Cette fois ci, pour pallier l’augmentation des prix, certains décident d’investir dans une machine à pain (MAP, pour les initiés). Mais pour les puristes, qui préfèrent mettre la main à la pâte, c’est plutôt la cocotte en fonte qui l’emporte. D’ailleurs, il n’y a pas que la miche. « Depuis quelques temps, on remarque un intérêt grandissant pour le pain de mie. Le moule à pain de mie avec couvercle 25,5 x 9 x 7 cm de chez Gobel continue de performer. Mais globalement, tout ce qui a attrait au pain fonctionne très bien. Le pain a quelque chose de magique et symbolique. Il raconte une société.
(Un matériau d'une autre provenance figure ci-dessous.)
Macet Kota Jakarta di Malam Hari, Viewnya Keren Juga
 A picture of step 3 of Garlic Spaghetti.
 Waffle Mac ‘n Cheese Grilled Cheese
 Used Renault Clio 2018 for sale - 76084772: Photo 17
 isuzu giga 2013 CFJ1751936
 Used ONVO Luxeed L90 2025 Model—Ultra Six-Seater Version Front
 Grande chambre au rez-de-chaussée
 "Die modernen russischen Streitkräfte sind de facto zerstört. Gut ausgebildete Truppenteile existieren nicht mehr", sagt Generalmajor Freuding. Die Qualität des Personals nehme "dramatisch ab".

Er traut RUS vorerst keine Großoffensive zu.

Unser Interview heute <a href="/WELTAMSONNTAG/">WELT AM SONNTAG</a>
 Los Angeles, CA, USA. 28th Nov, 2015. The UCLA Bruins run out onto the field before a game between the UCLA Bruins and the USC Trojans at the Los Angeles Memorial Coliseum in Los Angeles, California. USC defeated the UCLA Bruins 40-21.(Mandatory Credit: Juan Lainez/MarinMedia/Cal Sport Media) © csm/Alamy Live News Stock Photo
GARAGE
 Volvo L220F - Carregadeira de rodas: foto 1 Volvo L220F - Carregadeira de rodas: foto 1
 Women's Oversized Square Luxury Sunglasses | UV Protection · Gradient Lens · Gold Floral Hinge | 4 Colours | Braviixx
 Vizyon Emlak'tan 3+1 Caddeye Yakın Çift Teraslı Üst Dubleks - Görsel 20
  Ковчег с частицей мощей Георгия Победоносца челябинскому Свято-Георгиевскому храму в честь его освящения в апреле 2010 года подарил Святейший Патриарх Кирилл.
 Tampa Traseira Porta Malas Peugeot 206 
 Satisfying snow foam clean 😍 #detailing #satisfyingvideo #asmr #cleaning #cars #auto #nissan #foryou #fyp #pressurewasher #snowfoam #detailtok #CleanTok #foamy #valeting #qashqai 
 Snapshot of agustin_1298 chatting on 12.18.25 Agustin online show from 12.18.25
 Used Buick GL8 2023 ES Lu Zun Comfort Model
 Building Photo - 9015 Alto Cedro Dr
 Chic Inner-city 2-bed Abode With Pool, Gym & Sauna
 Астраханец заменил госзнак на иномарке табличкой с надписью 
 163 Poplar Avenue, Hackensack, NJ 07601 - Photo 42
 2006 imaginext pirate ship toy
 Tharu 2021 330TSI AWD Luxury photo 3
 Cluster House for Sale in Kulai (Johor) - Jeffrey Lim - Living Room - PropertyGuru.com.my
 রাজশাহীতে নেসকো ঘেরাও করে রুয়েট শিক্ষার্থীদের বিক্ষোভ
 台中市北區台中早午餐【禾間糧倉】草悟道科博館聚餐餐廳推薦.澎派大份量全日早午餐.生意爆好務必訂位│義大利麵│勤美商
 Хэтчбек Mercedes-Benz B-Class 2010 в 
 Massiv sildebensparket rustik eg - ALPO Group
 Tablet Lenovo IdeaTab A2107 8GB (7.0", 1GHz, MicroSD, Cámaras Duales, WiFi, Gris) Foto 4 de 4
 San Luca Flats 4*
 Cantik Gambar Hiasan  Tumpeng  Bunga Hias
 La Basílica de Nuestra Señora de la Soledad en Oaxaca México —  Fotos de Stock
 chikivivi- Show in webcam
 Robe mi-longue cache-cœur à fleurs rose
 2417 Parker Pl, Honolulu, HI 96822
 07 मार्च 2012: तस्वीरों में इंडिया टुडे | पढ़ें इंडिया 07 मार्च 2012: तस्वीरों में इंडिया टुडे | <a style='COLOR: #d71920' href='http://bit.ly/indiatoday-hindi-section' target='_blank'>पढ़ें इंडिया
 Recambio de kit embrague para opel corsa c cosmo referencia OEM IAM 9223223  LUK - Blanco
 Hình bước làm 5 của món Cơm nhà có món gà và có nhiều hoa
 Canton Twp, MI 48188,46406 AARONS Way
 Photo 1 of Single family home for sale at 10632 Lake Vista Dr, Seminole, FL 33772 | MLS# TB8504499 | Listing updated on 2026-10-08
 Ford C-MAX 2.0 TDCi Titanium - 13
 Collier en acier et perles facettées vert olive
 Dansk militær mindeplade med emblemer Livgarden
Qu’il s’agisse de la traditionnelle baguette, de la miche ou du pain de mie, les consommateurs ont d’une part réalisé le budget qu’il y consacrait en allant chaque jour à la boulangerie, d’autre part à quel point l’exercice était à la portée de tous », décrypte Pierre-Yves Magnan (Mathon).
La rencontre avec la génération Y
Tous les acteurs de l’offre cuisson se mobilisent pour que le quatrième trimestre inverse la tendance. « Entre Maison & Objet en septembre et les fêtes de fin d’année, le dernier trimestre est souvent décisif. On ne désespère pas. D’autant que le salon international sera pour nous l’occasion d’échanger avec la génération Y, très différenciante des précédentes dans ses modes de consommation. » se réjouit Philippe Gelb.
Depuis des années, les marques tels que Beka, De Buyer, Staub, Le Creuset, Cristel et bien d’autres, s’évertuent à promouvoir la qualité, le savoir-faire, la performance, la résistance de leurs produits.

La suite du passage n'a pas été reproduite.